» REQUIREMENT: Copy all the records exactly, but keep the pictures out of your version.

Stored data entries
++++++++
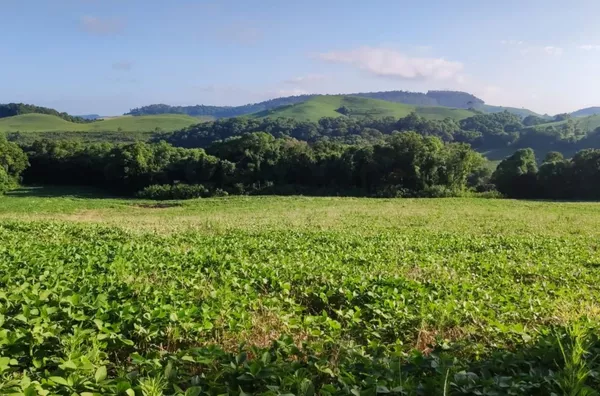 PROPRIEDADE RURAL EM MARIÓPOLIS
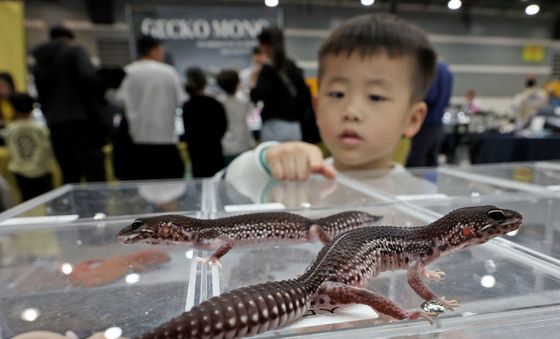 빨간 볼 자랑하는 레오파드 게코 구경하는 어린이
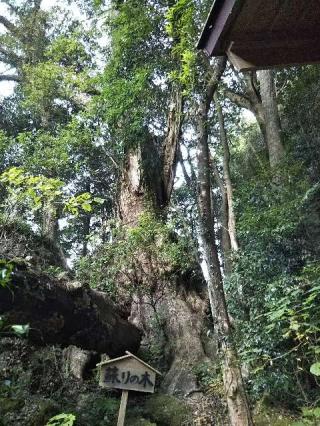 神内神社の参拝記録(天地悠久さん)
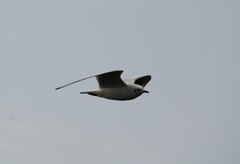 Chroicocephalus ridibundus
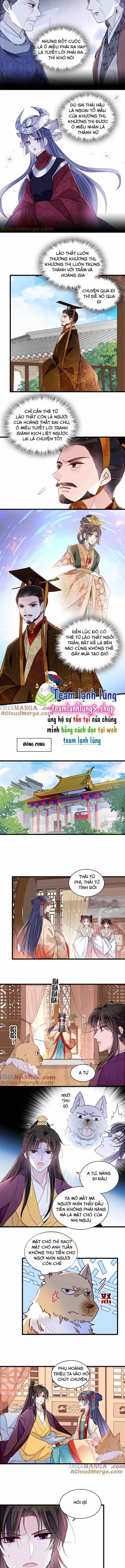 Tự Cẩm - Chương 385 - ảnh 5
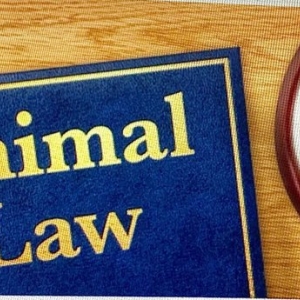 Photo of The Piccone Law Firm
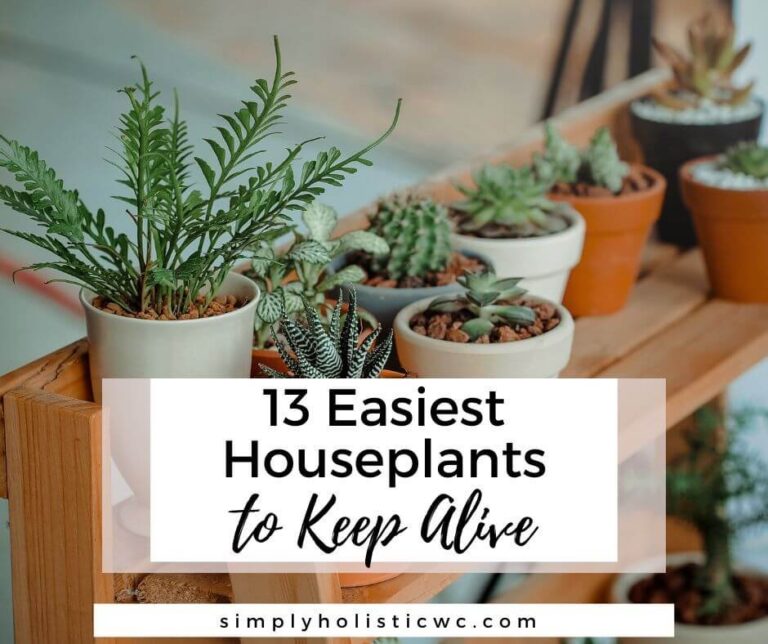 13 Easiest Houseplants to Keep Alive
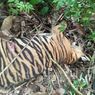 Anak Harimau Sumatera di Aceh Ditemukan Mati, Diduga Diracun Petani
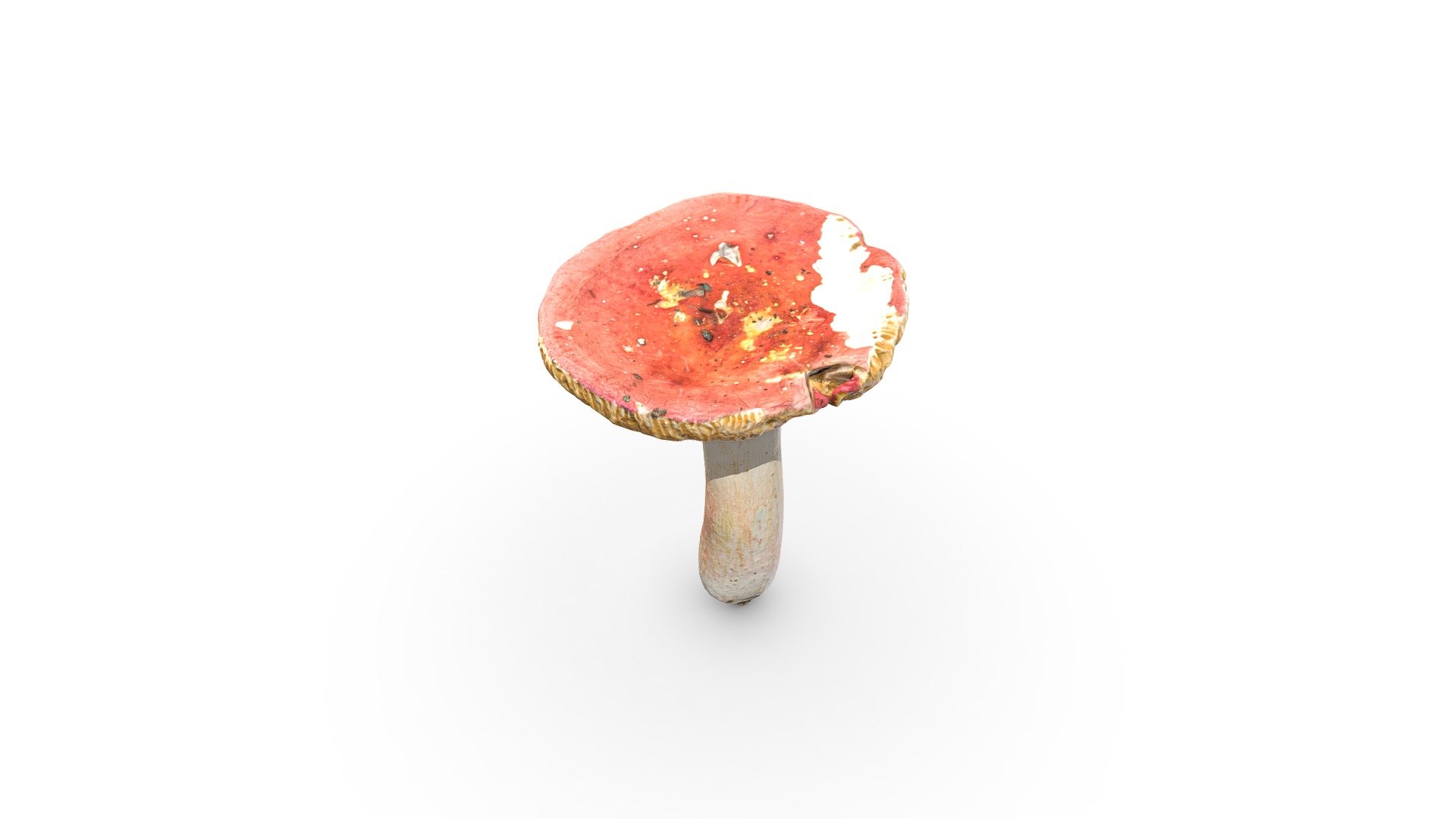 Mushroom Russula 3d Model By Rawcatalog 720cd15 Sketchfab 9787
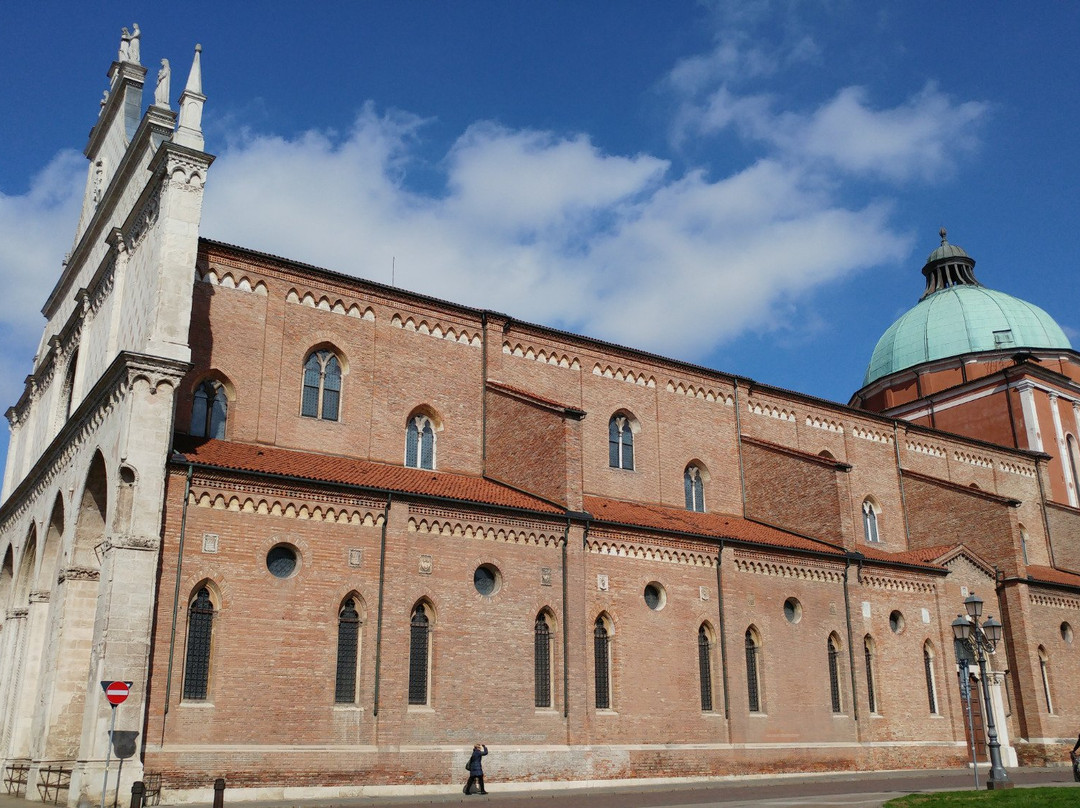 Cattedrale di Santa Maria Annunciata (Duomo di Vicenza)景点图片
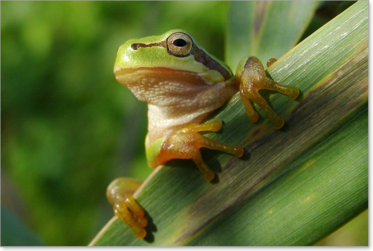 Europäischer Laubfrosch (Hyla arborea)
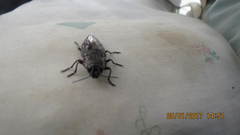 Chalcophora mexicana
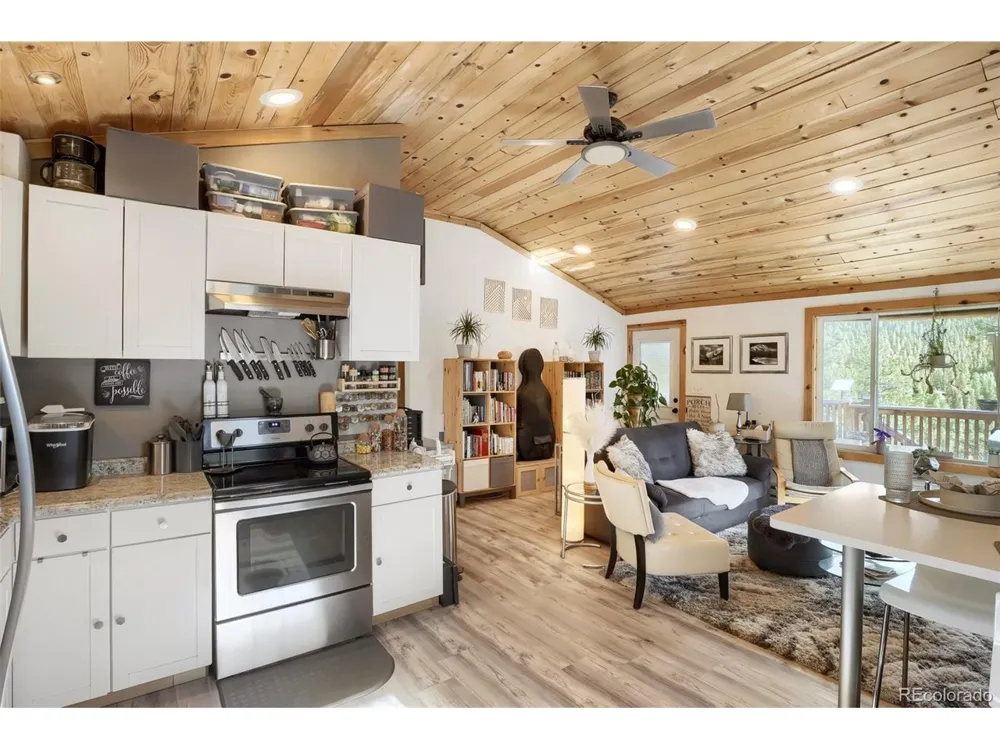 226 Hall Road Bailey, CO 80421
++++++++
» REPLY TO THE EXERCISE:
 PROPRIEDADE RURAL EM MARIÓPOLIS
 빨간 볼 자랑하는 레오파드 게코 구경하는 어린이
 神内神社の参拝記録(天地悠久さん)
 Chroicocephalus ridibundus
 Tự Cẩm - Chương 385 - ảnh 5
 Photo of The Piccone Law Firm
 13 Easiest Houseplants to Keep Alive
 Anak Harimau Sumatera di Aceh Ditemukan Mati, Diduga Diracun Petani
 Mushroom Russula 3d Model By Rawcatalog 720cd15 Sketchfab 9787
 Cattedrale di Santa Maria Annunciata (Duomo di Vicenza)景点图片
 Europäischer Laubfrosch (Hyla arborea)
 Chalcophora mexicana
 226 Hall Road Bailey, CO 80421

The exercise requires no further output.